Taken from page 687 of Charles Taylor’s A Secular Age:

In replacing the low and demeaning picture of human beings as depraved, inveterate sinners, in articulating the potential of human beings for goodness and greatness, humanism has not only given us the courage to act for reform, but also explains why this philanthropic action is so immensely worthwhile. The higher the human potential, the greater the enterprise of realizing it, and the more the carriers of this potential are worthy of our help in achieving it.

But philanthropy and solidarity driven by a lofty humanism, just as that which was driven often by high religious ideals, has a Janus face. On one side, in the abstract, one is inspired to act. But on the other, faced with the immense disappointments of actual human performance, with the myriad ways in which real, concrete human beings fall short of, ignore, parody and betray this magnificent potential, one cannot but experience a growing sense of anger and futility. Are these people really worthy objects of all these efforts? Perhaps in face of all this stupid recalcitrance, it would not be a betrayal of human worth, or one’s self-worth, if one abandoned them. Or perhaps the best that can be done for them is to force them to shape up.

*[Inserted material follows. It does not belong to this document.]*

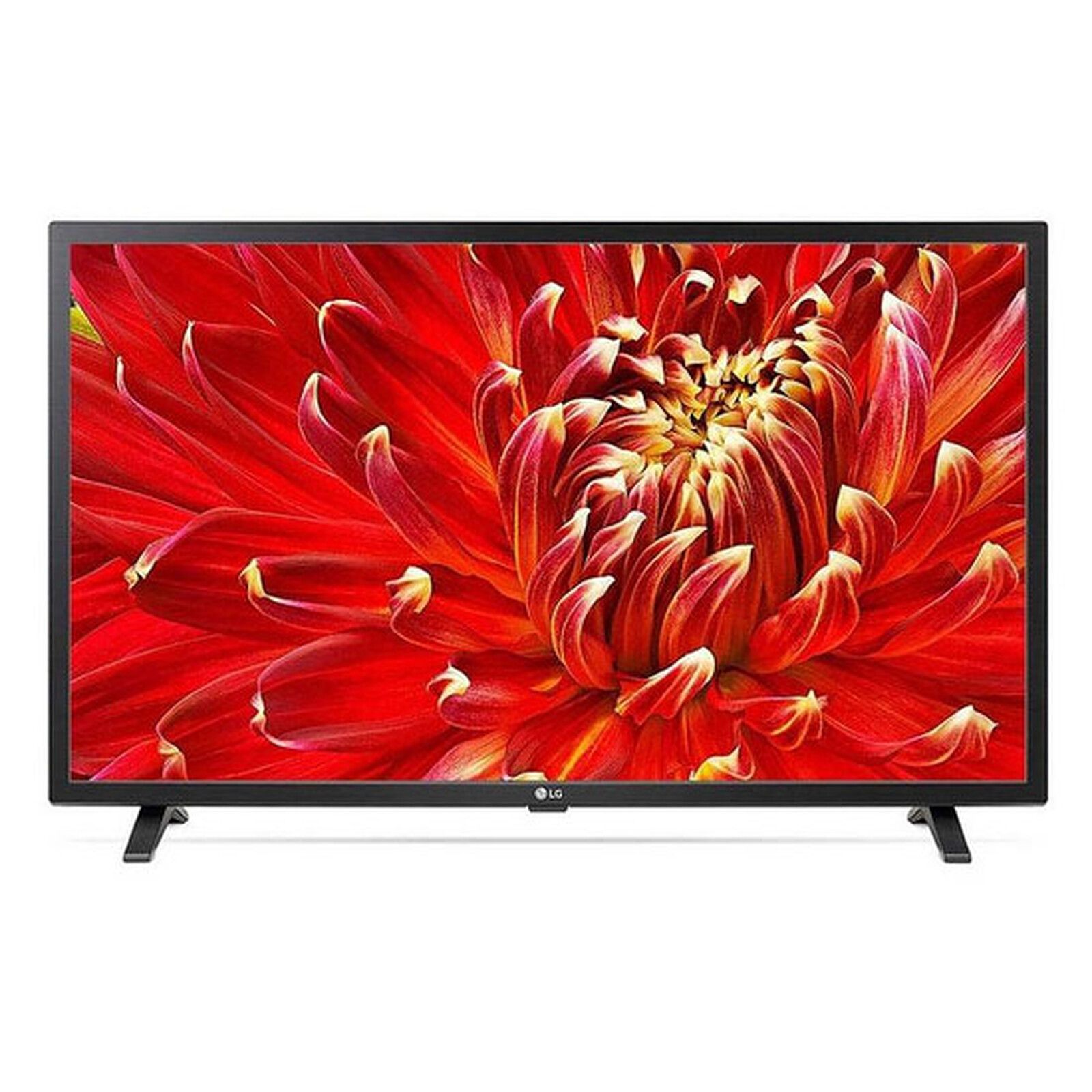 TV SET LCD 32 /32LQ631C LG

Before the reality of human shortcomings, philanthropy–the love of the human–can gradually come to be invested with contempt, hatred, aggression. The action is broken off, or worse, continues, but informed now with these new feelings, and becomes progressively more coercive and inhumane…

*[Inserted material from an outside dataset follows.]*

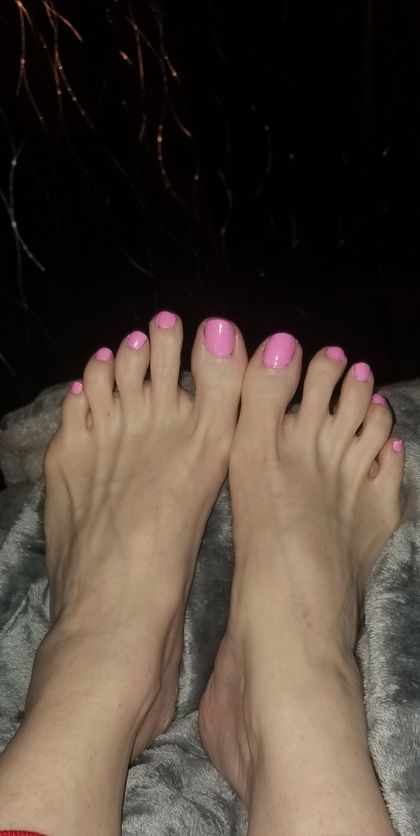 u155074262 OnlyFans picture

The tragic irony is that the higher the sense of potential, the more grievously real people fall short, and the more severe the turn-around will be which is inspired by the disappointment. A lofty humanism posits high standards of self-worth, and a magnificent goal to strive towards. It inspires enterprises of great moment. But by this very token it encourages force, despotism, tutelage, ultimately contempt, and a certain ruthlessness in shaping refractory human material. Oddly enough, the same horrors which Enlightenment critique picked up in societies and institutions dominated by religion.

…Wherever action for high ideals is not tempered, controlled, ultimately engulfed in an unconditional love of the beneficiaries, this ugly dialectic risks repeating itself.